Bigfoot and the perfect microbrew? Yes indeed. But true Oregonians do not believe in the existence of umbrellas… ☔
The 24th Winter Olympic games continue in Beijing, China today, and it's the last day of the World AG Expo in Tulare, California.
Famous births on February 10th, under the sign of Aquarius
Hall of Fame basketballer John “Cat" Thompson (1906-1962),
1st American to climb Mount Everest Jim Whittaker (1929-),
American Olympic swimmer Mark Spitz (1950-),
Jurassic Park actress Laura Dern (1967-),
and American actor/comedian Jimmy Durante (1893-1980),.
“All of us have schnozzles2… if not in our faces, then in our character, minds, or habits. When we admit our schnozzles instead of defending them, we begin to laugh, and the world laughs with us."
- Jimmy Durante
Today is the 41st day of the year on the Gregorian calendar. 324 days remaining.

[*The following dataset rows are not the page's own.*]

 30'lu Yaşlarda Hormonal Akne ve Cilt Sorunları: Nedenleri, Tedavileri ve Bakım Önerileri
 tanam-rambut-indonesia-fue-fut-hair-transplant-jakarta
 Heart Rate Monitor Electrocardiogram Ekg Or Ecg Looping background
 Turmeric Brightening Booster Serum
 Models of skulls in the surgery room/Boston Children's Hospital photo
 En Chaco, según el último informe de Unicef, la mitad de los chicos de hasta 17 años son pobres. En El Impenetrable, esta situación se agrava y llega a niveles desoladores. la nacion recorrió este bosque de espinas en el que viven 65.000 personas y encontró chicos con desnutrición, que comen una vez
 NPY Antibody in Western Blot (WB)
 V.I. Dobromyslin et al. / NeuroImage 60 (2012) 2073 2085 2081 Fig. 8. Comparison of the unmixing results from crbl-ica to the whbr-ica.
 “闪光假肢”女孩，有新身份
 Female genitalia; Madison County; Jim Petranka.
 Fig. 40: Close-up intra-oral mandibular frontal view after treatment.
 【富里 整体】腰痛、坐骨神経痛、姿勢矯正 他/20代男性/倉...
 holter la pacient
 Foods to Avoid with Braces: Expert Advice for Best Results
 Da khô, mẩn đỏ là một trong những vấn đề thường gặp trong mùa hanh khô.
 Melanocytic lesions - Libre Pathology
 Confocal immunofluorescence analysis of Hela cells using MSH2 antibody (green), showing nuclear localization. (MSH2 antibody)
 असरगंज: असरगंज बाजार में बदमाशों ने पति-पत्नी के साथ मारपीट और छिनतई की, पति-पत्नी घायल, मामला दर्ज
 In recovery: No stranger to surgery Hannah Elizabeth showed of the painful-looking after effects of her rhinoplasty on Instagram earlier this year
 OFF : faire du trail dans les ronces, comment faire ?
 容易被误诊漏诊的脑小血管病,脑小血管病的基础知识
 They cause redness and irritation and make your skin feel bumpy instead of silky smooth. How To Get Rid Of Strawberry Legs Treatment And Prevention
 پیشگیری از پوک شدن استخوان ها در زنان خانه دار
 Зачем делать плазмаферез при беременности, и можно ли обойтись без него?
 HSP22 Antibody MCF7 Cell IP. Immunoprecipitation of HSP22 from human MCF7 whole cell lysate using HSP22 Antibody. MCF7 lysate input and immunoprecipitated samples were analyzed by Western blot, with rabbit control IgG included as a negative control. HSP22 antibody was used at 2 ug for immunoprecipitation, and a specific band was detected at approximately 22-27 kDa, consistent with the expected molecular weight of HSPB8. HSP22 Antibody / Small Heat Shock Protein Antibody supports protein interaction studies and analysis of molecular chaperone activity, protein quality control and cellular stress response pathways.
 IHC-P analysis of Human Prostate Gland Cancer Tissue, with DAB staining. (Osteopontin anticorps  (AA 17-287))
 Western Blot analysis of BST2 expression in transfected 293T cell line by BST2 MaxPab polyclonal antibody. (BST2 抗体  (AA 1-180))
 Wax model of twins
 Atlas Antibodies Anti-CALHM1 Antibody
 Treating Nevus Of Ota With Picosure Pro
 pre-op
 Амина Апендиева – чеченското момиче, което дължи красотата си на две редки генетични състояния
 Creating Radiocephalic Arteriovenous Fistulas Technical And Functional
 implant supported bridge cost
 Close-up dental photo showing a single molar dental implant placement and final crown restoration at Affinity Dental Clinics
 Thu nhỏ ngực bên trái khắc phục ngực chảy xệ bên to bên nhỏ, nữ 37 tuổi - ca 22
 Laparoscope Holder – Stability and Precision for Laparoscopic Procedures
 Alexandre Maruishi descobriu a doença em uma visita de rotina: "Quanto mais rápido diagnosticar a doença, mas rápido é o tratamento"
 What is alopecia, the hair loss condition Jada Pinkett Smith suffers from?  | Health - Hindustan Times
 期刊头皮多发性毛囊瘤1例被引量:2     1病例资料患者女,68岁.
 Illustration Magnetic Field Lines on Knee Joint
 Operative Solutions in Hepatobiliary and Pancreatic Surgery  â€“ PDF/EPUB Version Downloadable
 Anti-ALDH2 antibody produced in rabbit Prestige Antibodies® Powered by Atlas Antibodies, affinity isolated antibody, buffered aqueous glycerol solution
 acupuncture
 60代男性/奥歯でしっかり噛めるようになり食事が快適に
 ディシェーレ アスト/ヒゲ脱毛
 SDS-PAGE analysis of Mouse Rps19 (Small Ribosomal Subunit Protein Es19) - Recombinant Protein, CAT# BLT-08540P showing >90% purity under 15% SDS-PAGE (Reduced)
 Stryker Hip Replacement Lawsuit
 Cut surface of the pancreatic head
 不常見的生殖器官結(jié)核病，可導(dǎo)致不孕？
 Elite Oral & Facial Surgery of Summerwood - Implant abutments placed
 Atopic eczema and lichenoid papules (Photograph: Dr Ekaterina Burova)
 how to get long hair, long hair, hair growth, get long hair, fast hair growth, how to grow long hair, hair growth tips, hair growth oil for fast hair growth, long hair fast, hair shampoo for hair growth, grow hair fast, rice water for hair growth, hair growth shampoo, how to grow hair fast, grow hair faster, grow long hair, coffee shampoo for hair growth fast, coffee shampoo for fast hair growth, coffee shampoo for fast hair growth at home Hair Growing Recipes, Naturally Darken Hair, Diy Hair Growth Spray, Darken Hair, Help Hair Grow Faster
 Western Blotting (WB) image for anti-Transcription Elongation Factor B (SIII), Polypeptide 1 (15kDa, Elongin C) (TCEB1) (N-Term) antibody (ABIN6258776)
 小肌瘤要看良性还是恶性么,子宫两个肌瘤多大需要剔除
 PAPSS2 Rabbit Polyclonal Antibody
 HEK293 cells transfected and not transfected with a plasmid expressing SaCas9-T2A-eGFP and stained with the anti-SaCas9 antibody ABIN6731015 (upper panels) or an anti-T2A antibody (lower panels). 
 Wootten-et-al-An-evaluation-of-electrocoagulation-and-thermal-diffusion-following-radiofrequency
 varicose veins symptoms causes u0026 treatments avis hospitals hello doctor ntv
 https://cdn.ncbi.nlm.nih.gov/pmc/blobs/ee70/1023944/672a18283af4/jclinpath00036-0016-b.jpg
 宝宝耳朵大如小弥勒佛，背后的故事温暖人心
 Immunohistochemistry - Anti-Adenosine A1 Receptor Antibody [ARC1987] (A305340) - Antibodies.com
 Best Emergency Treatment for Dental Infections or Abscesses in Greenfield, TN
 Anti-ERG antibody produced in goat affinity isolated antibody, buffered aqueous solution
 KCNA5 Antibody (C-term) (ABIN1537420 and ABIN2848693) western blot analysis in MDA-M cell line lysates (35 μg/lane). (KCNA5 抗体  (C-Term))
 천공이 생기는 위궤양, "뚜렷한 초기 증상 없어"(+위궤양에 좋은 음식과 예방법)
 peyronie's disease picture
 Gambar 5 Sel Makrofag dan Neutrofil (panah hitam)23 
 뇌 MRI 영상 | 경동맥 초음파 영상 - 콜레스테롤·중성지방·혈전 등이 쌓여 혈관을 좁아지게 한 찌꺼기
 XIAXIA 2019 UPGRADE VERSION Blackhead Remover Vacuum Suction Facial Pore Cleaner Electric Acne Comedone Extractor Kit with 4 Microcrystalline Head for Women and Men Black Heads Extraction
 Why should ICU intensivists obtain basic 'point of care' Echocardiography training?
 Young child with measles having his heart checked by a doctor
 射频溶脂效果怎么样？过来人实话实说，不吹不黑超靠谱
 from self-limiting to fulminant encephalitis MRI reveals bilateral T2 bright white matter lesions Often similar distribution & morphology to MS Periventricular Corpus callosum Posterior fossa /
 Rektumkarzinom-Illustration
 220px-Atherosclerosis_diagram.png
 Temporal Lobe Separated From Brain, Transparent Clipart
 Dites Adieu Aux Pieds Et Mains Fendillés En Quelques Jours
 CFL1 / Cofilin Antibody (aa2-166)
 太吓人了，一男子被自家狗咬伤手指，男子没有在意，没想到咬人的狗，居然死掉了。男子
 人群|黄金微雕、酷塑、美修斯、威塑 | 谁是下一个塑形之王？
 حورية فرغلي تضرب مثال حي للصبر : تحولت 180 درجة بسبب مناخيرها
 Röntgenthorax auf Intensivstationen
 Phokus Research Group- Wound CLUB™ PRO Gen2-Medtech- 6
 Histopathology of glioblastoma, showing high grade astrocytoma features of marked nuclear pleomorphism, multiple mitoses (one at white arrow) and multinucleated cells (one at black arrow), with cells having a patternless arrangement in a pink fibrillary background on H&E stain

It is 13.0.9.4.18 on the Mayan long count calendar.
It is day 1 - Flint Knife, in the 13 day cycle of the Flint Knife, in the solar year of the Rabbit on the Aztec calendar.
It is 9 Adar I, 5782 on the Jewish calendar.
“Flagellant” (a person who scourges or whips themselves as physical punishment for personal sins or failures), not to be confused with “flatulent” (a person suffering from a serious case of the farts).
In this particular case the punitive value of such confusion would likely be just as effective, as I’ve been known to run myself out of the room at times!
Given that an alternative definition for flatulent is also “inflated or pretentious in speech or writing”, maybe both words have context. I’ll let you be the judge.
“Schnozzles” is the bonus word for making it all the way to the end of the post today. Everyone who comments on today’s post with the word “schnozzles” will be entered in a random drawing to officially be this year’s Curious Curator Unofficial Non-Romantic Physically-Disentangled Valentine.
Limit one entry per person, offer not valid in some states, caution: contents may be hot.
Today's to do list. 1. Say happy birthday to an impressive scientist. -check and done. 2. Write shnozzles. -check and done.